* _Assignment_:
Skipping any pictures, give all of the records below again exactly.

* _Data shown_:
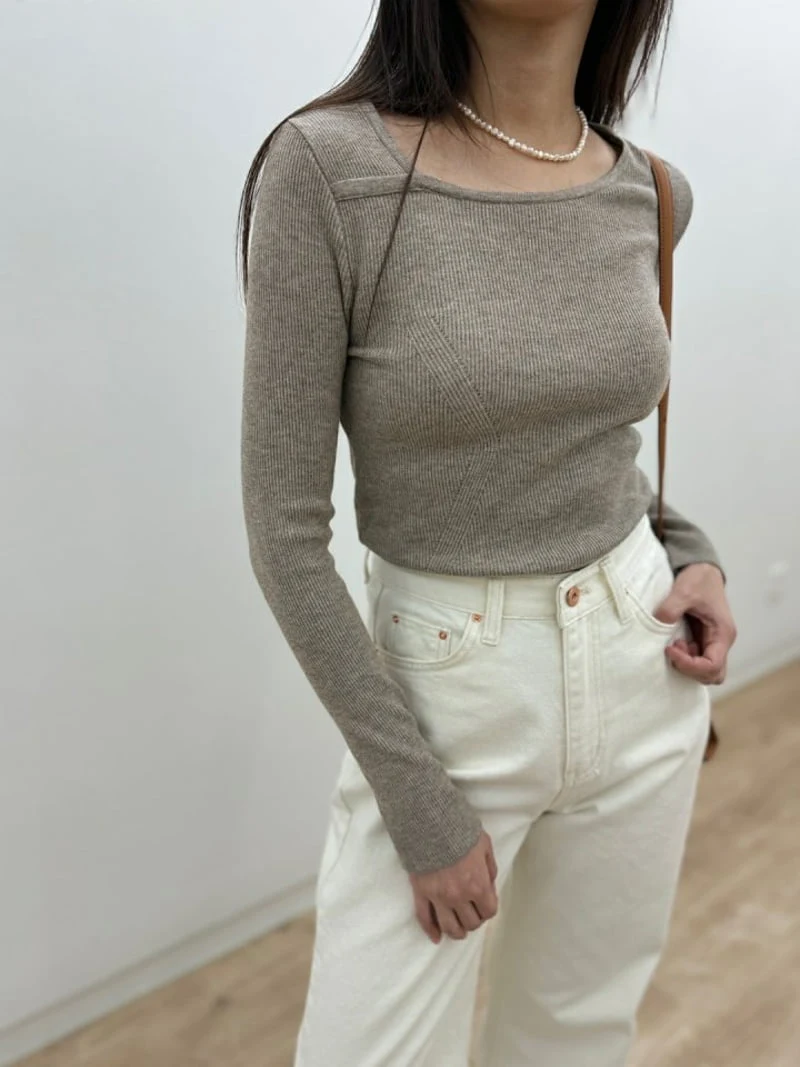 Most - Korean Women Fashion - #momslook - Cozy Rib Knit Top - 8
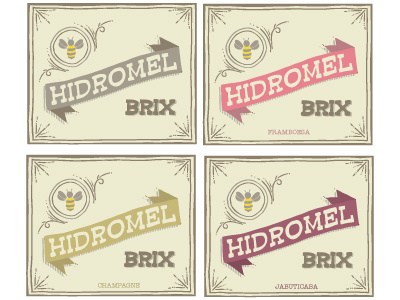 Hidromelbrix bee cirobicudo hidromel illustrations logo mead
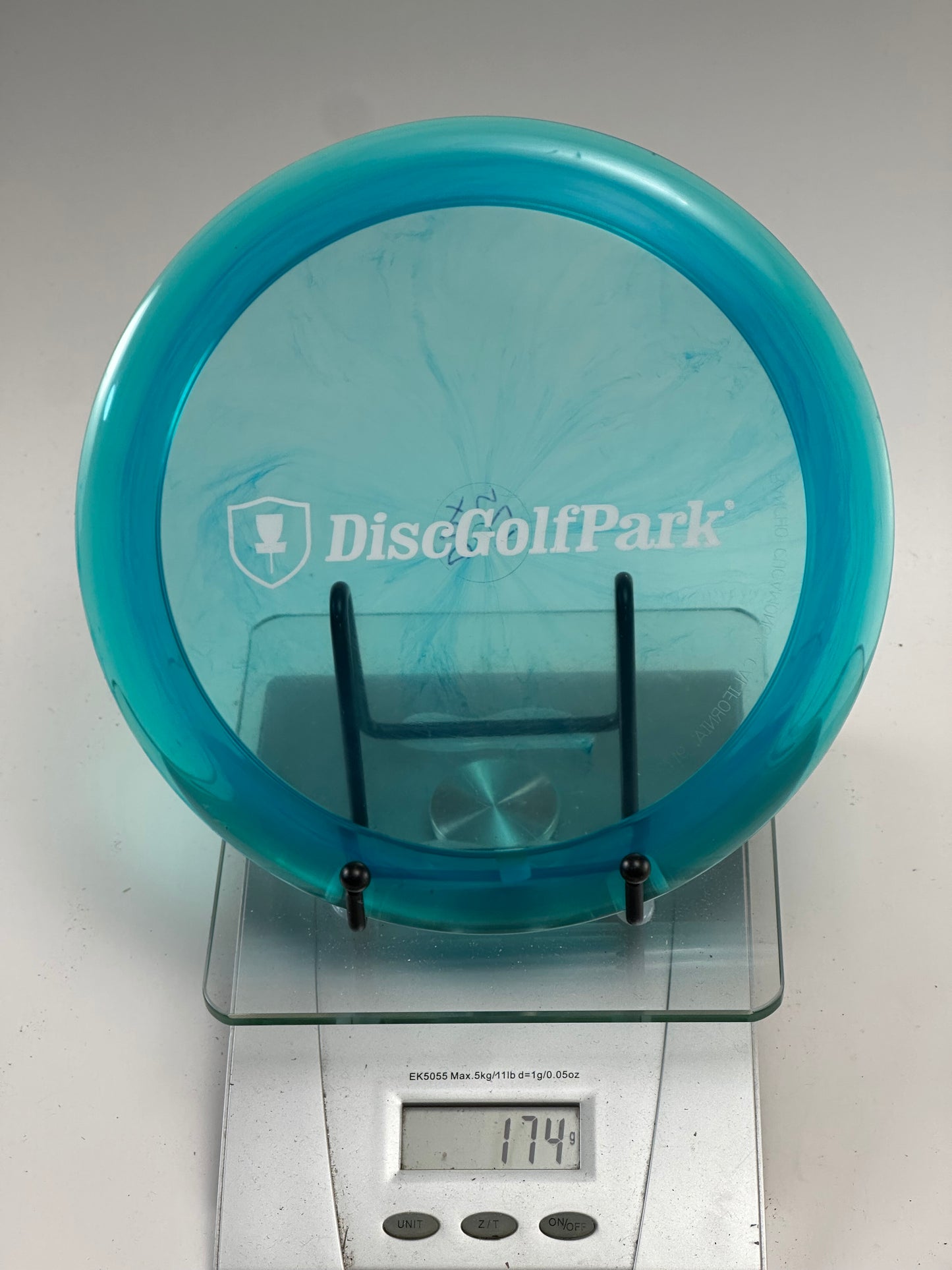 Discmania C-Line DDX Distance Driver - Transparent Teal (DiscGolfPark Stamp)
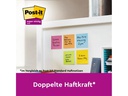 3M Notizzettel Z-Notes Super Sticky Mehrfarbig, 7.6 x 7.6 cm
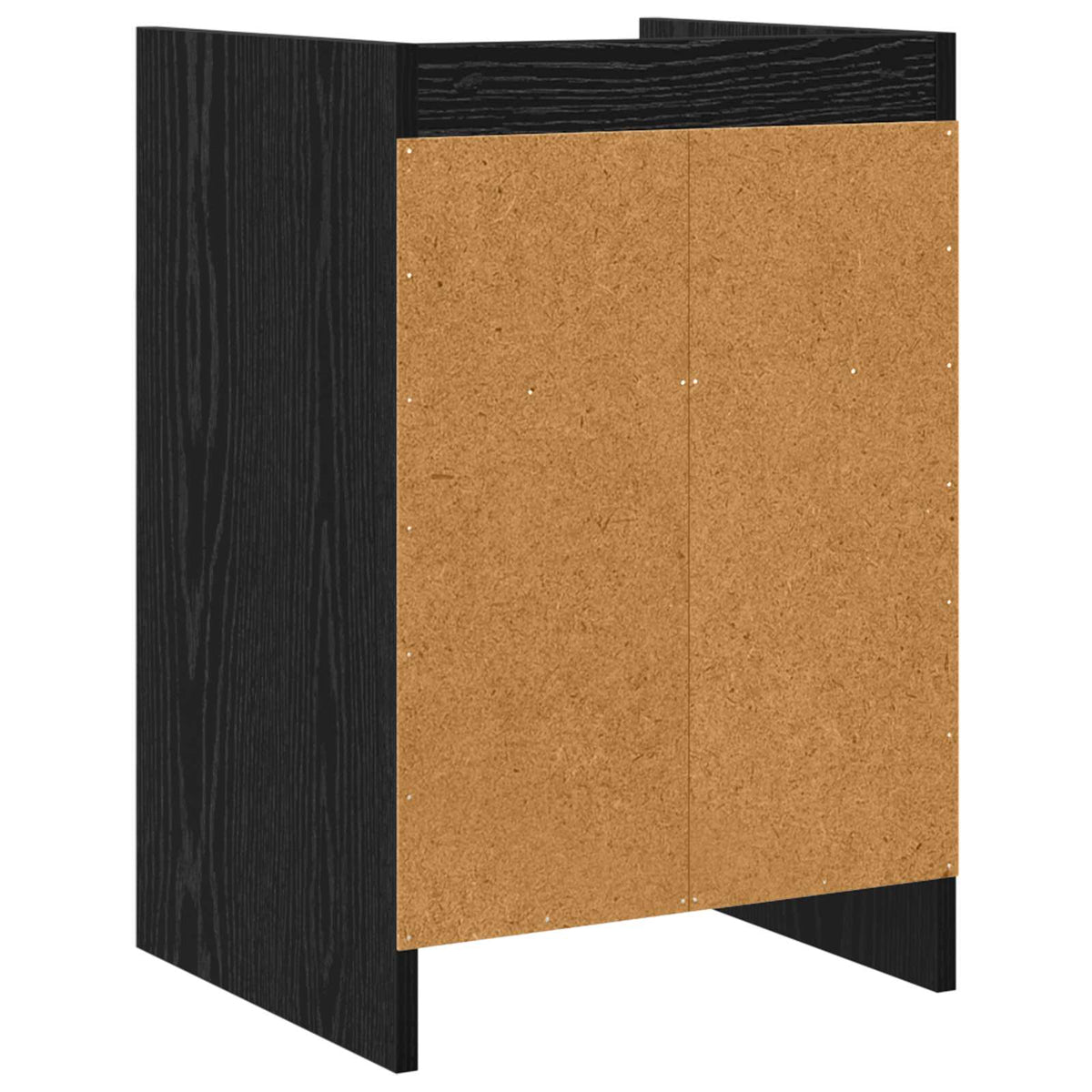Nachttische 2 stk. Schwarze Eiche 40 x 36 x 60 cm Holzwerkstoff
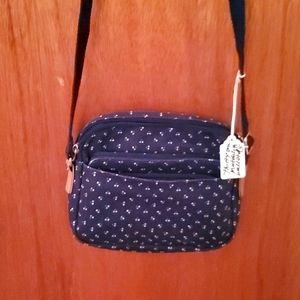 Thirty one small navy blue purse and matching wallet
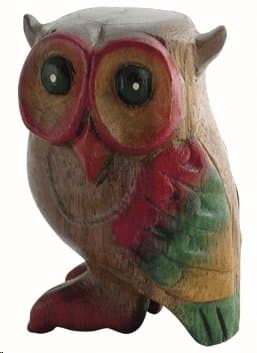 Brilliant Little HOOTING OWL Wooden Whistle Instrument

* _Solution for this exercise_:
 Most - Korean Women Fashion - #momslook - Cozy Rib Knit Top - 8
 Hidromelbrix bee cirobicudo hidromel illustrations logo mead
 Discmania C-Line DDX Distance Driver - Transparent Teal (DiscGolfPark Stamp)
 3M Notizzettel Z-Notes Super Sticky Mehrfarbig, 7.6 x 7.6 cm
Nachttische 2 stk. Schwarze Eiche 40 x 36 x 60 cm Holzwerkstoff
 Thirty one small navy blue purse and matching wallet
 Brilliant Little HOOTING OWL Wooden Whistle Instrument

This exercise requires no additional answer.